Early Sunday morning, vandals defaced a Portland mural depicting the faces of George Floyd, Breonna Taylor and Ahmaud Arbery along Northeast Martin Luther King Jr. Boulevard. They covered the faces with white paint and then stenciled in black and red the website of a white nationalist group: Patriot Front.
“The damage they did, the size of it, they probably had a team of people,” muralist Christian Grijalva said later that morning, standing beside his wounded work.
Grijalva painted the mural in 2020, shortly after Floyd’s murder, calling it “We Stand With You.” Grijalva said it took him seven days to complete, even with the help of community volunteers. He took no money to paint it.
Similarly, when word went out this morning of the vandalism, over a dozen people showed up to scrub the offending advertisement off the wall.
“Many people came to clean it,” says Union Market owner Yeoun Choi. The mural sits on her business’s outside wall, and her market’s security cameras show the mural was defaced between 3 and 4 am Sunday.
Choi says she’s used to graffiti of “bad words” around her store, but that after Grijalva’s mural went up, taggers at least left that one wall alone. “They worked so hard on it. People should not destroy it.”
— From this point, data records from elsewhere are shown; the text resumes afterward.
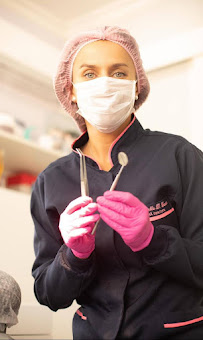 Dra Danielle Dias Xavier Odontologia Especializada 🦷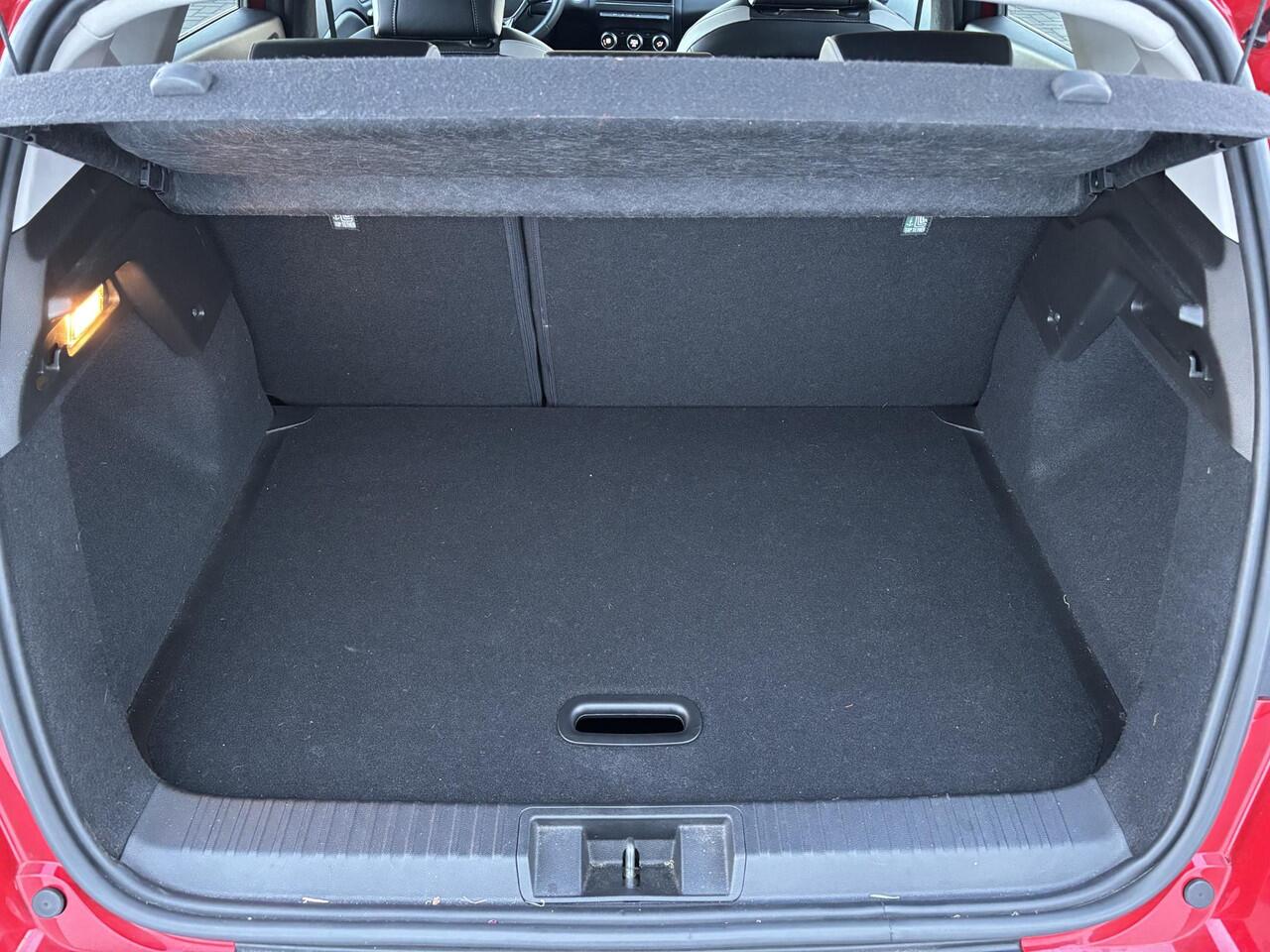 Renault CAPTUR 1.3 TCe 140 Intens | 1e Eig | Lage km. stand |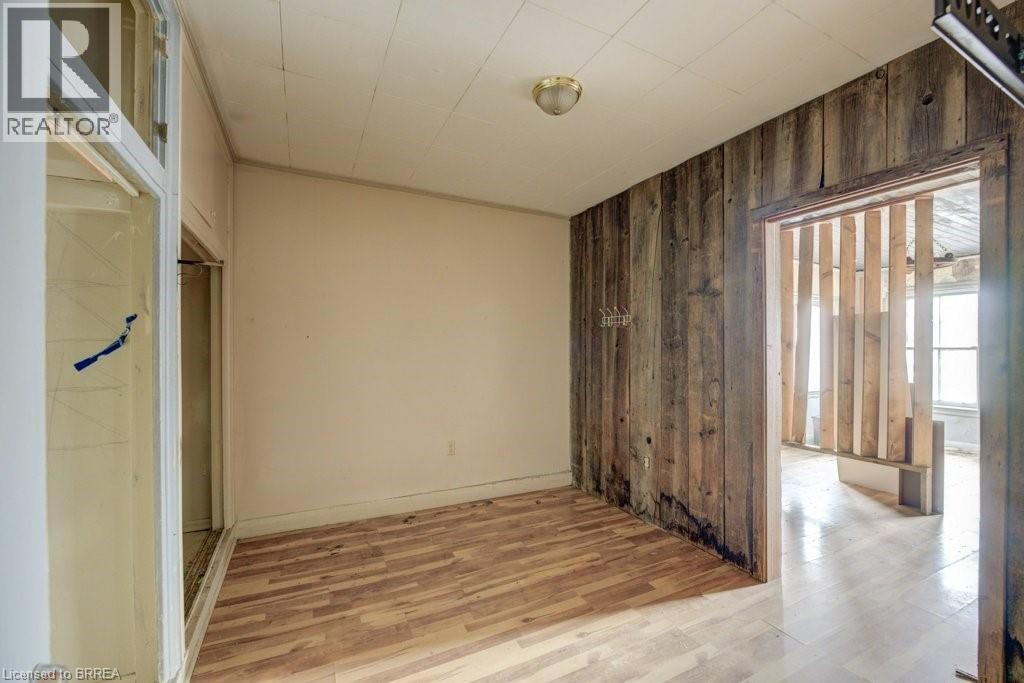 36 Norfolk Street S Property Photo 19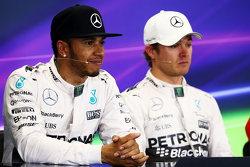 En segundo lugar, Lewis Hamilton, de Mercedes AMG F1 y compañero de equipo y ganador de la pole Nico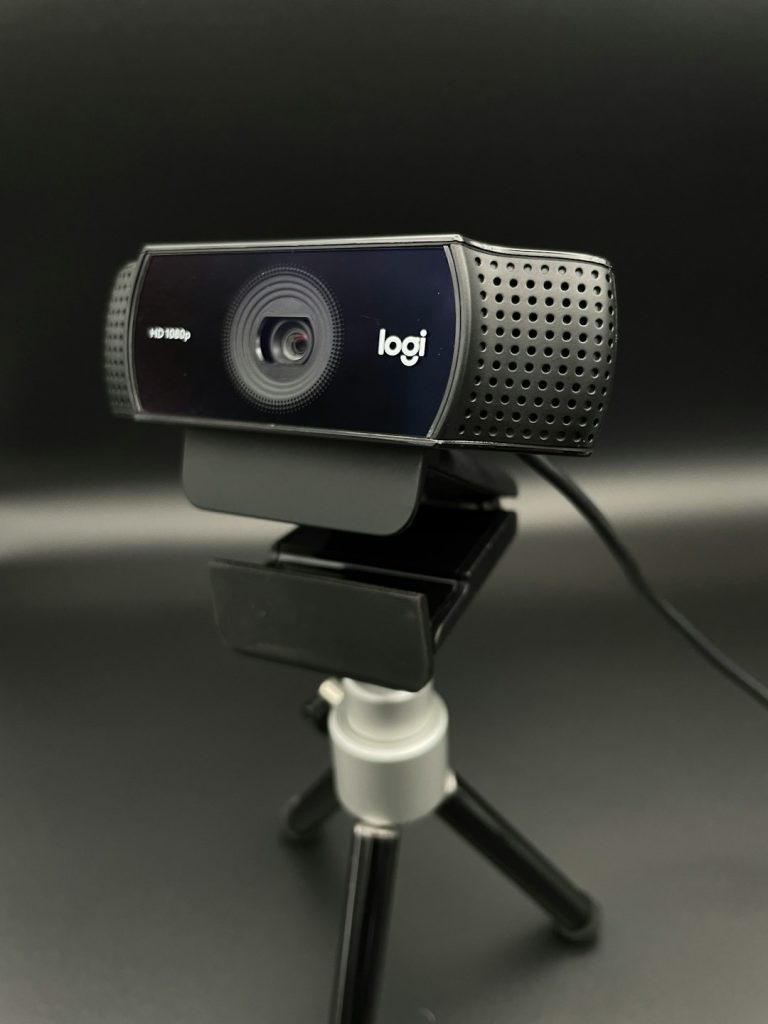 PromptSmart Pro Review: AI Teleprompter Features, Pricing, and Alternatives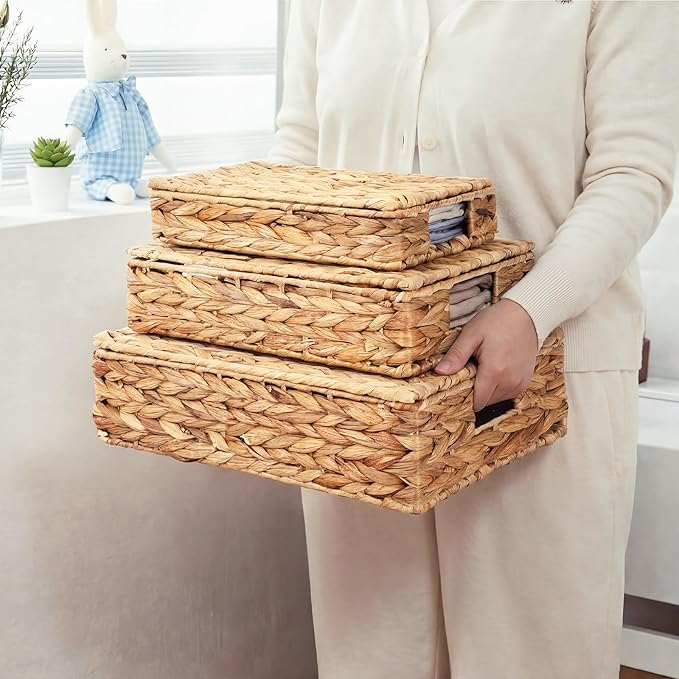 3 Pcs Wicker Storage Baskets with Lids 16" 14" 12" Water Hyacinth Pantry Baskets Woven Organizers Decorative Storage Boxes for Organizing Shelves, Bedroom, Living Room(Natural)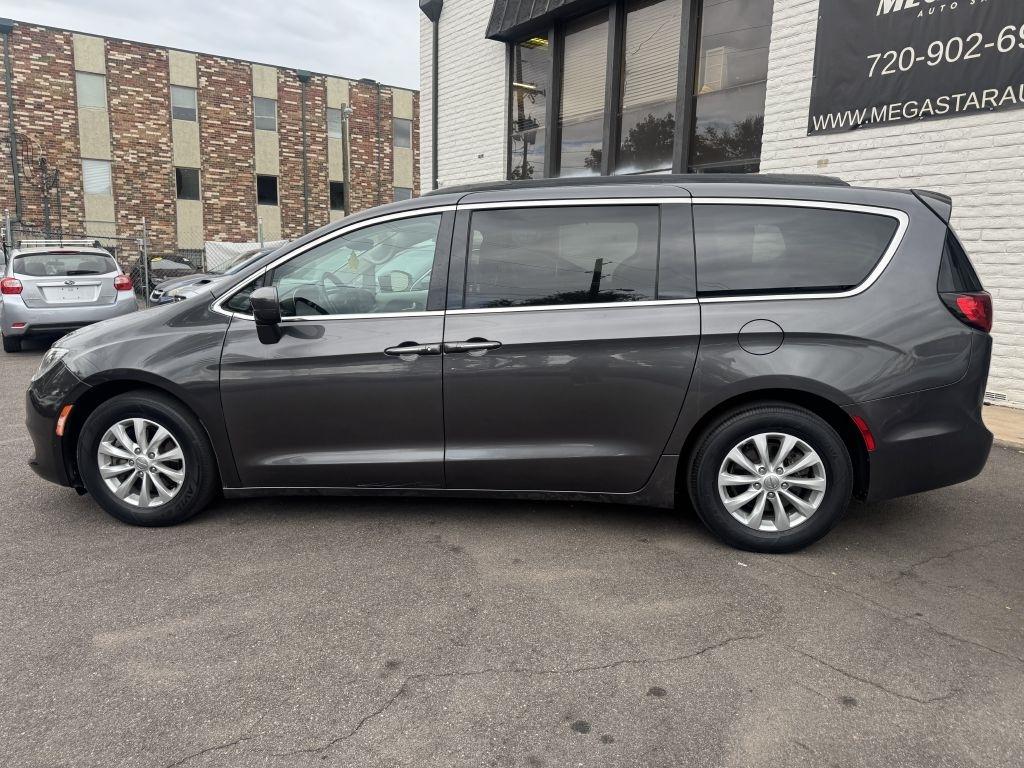 Chrysler Pacifica Touring-L 2017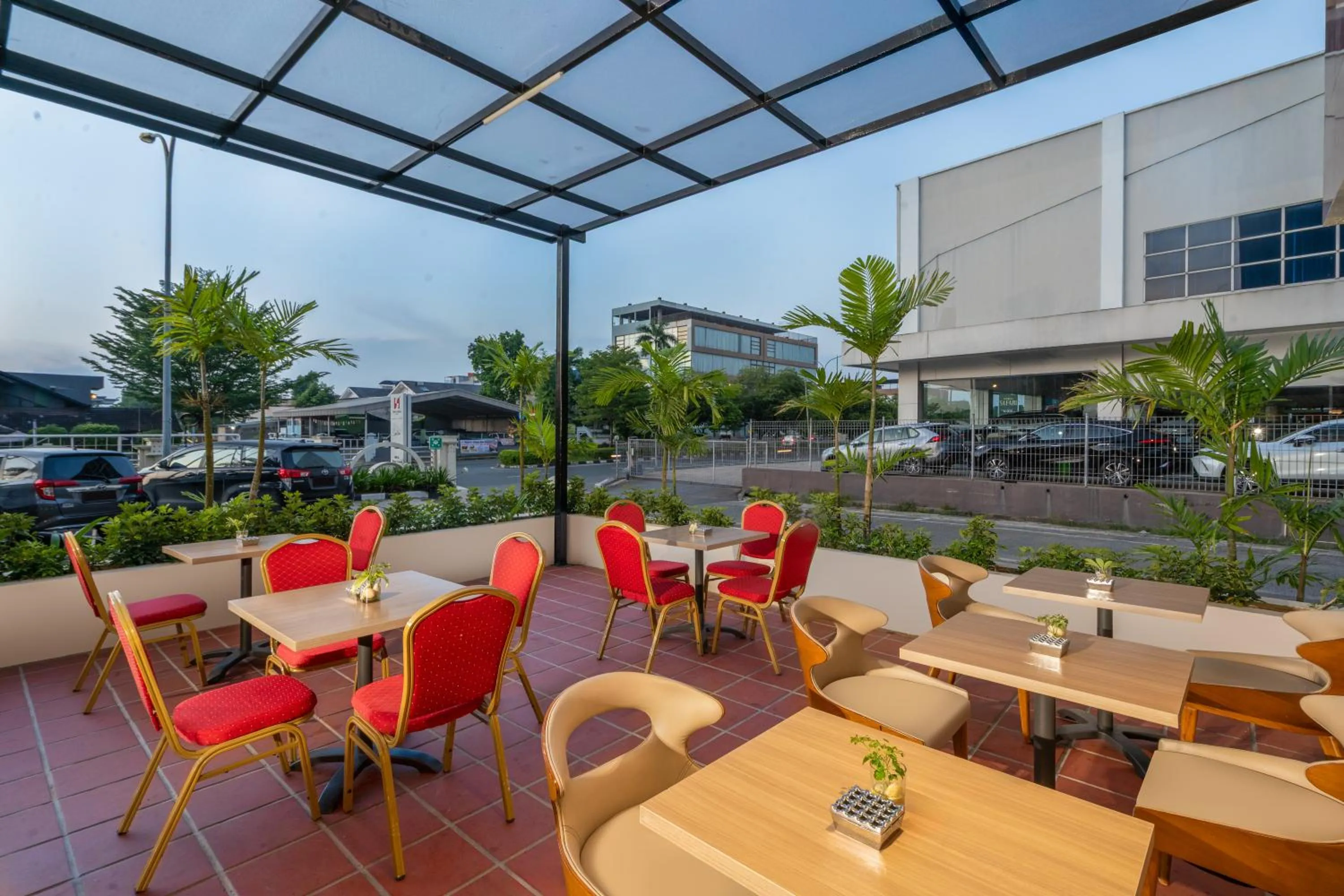 Restaurant/places to eat in Swiss-Belinn Baloi Batam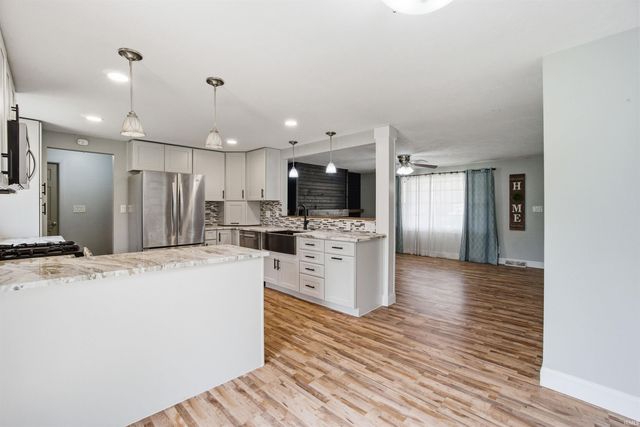 2305 W Clearview Drive, Marion, IN 46952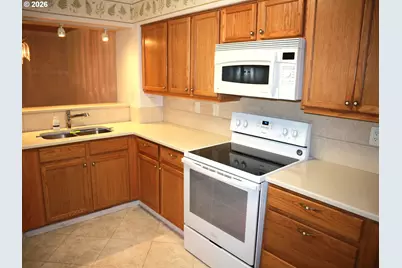 15530 NE Knott St #30, Portland, OR 97230 - Photo 5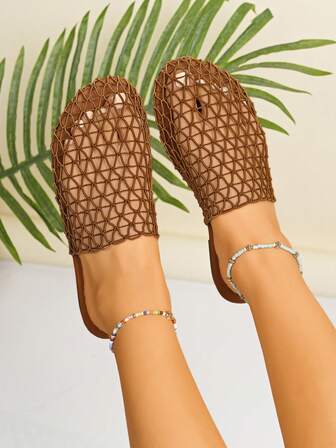 Brown Mesh Breathable Slippers, Hollow Weave Design, Flat Comfortable, Fashion Versatile, Daily Commute Women Shoes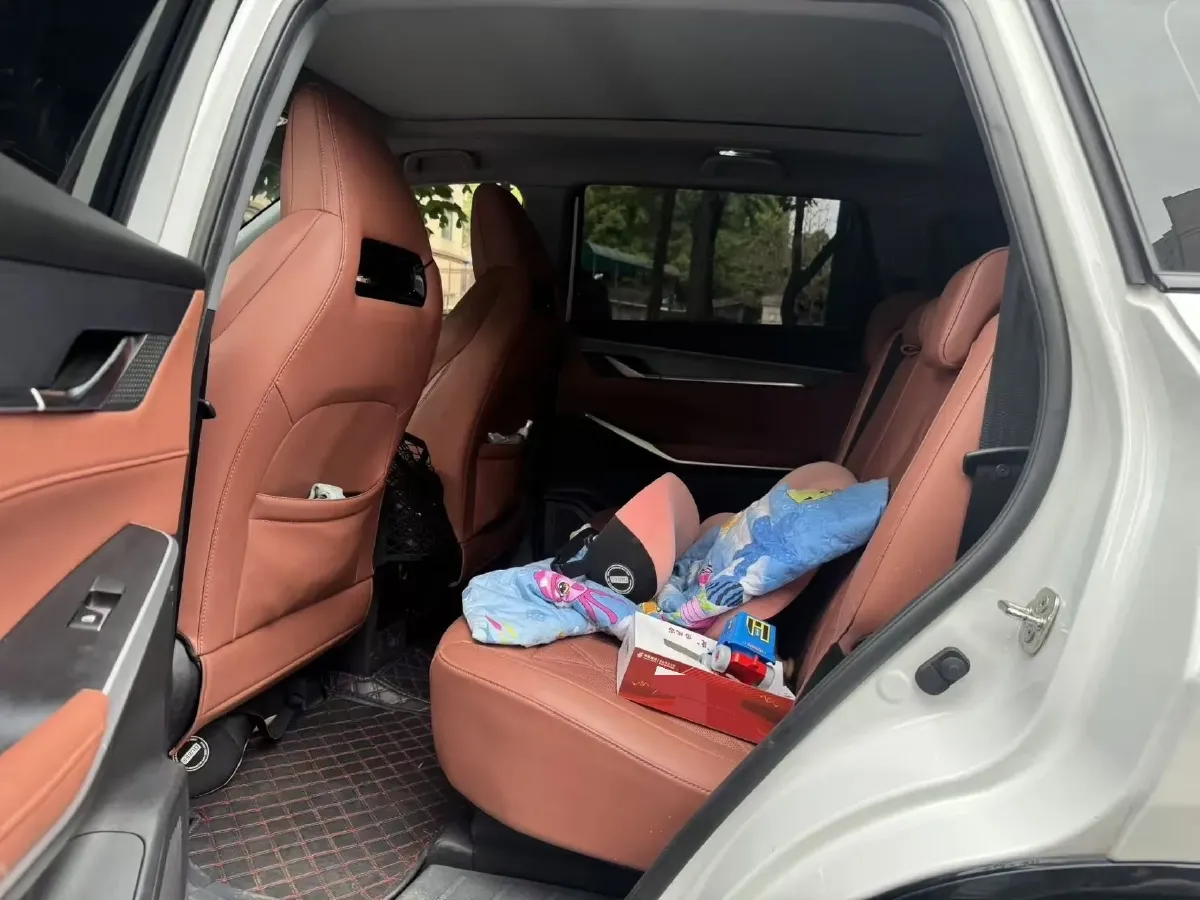 2022 ChangAn CS75 Plus 1.5T 188HP L4 8AT,autocango,china used car exporter,china ev exporter,chinese used car exporter,chinese used ev exporter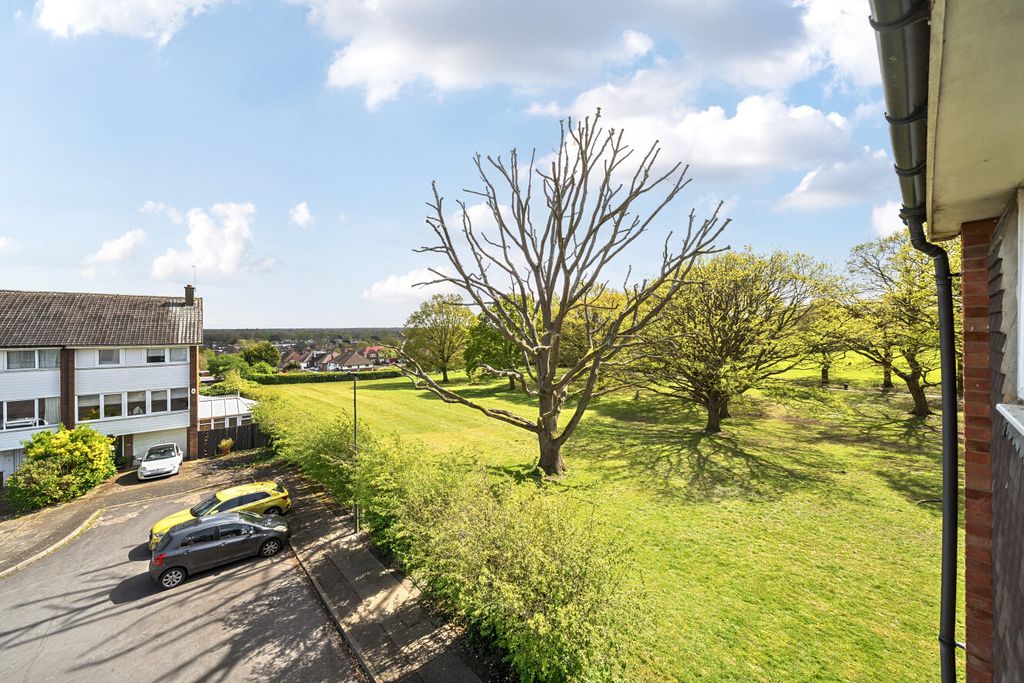 Property photo 2 of 17 1441921-17-69E0Db...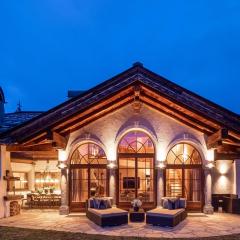 Elegant Chalet near Slopes & Village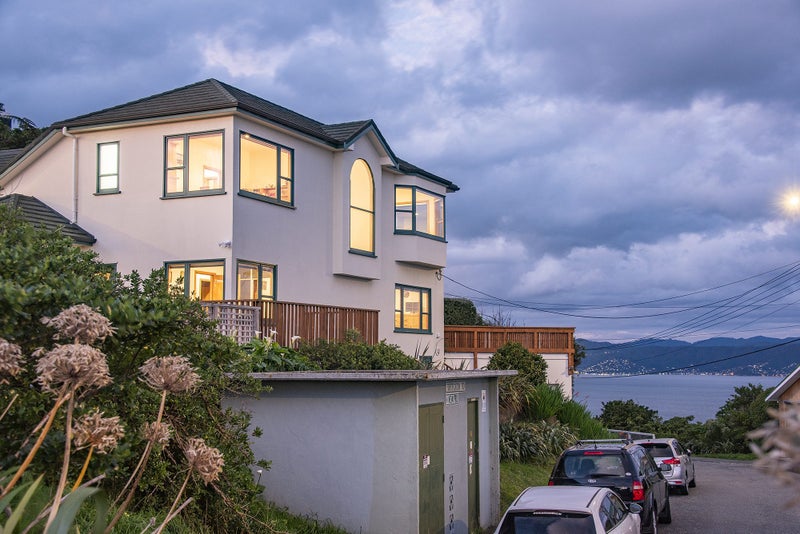 156 Nevay Road, Karaka Bays, Wellington - Carousel 1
Patriot Front is based in Fort Worth, Texas, but holds white nationalist demonstrations on a national level. Stencils of its logo or name have appeared on the York statue in Mt. Tabor Park—accompanying white spray paint on the bust and its plaque—and other works honoring people of color across the country.
The Portland mural depicts Floyd and Taylor—Black people whose killings by police were at the center of 2020 protests—and Arbery, a Black man killed while jogging by three white vigilantes in Georgia.
Tommy Soultanian, who works at a nearby bakery, learned about the mural’s defacement shortly after opening when someone walked up to the bakery’s window in tears.
“A woman, a young out-of-towner, she just walked up crying,” Soultanian says. Soultanian snapped a photo and posted it to Instagram. “Unfortunately, I’ve seen multiple murals of George Floyd defaced,” they said.
The image quickly spread. An hour later, a team stood ready to wipe the wall.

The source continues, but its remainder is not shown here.